What to do: Skip all pictures. Set down only the lines starting at the line containing "Die Macht der Wenigen" and running to the end of the listing.

━━━ Given data

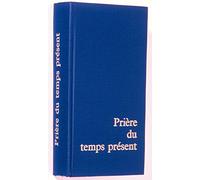Prière du temps présent: grand format bleu (Liturgie des Heures)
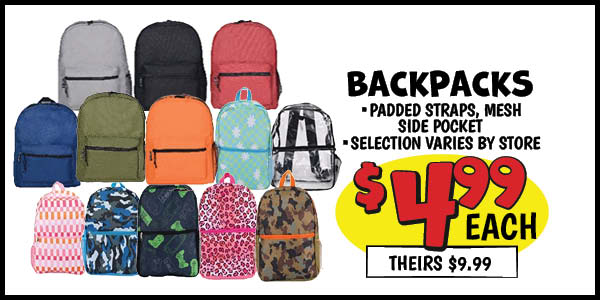 Backpacks: Our Price: $4.99, theirs: $9.99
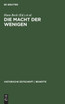 Die Macht der Wenigen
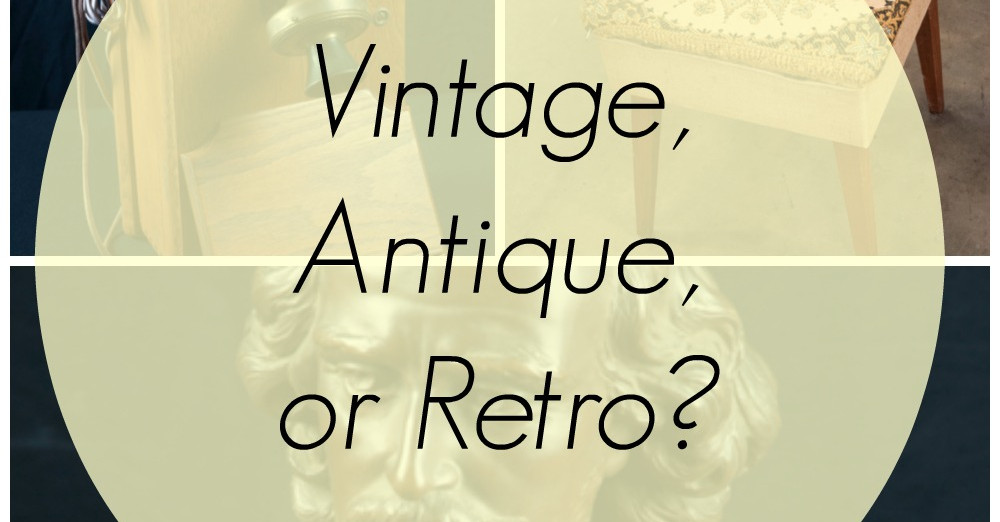 The Difference Between Vintage Antique And Retro Cal Auctions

━━━━━━

Result:
 Die Macht der Wenigen
 The Difference Between Vintage Antique And Retro Cal Auctions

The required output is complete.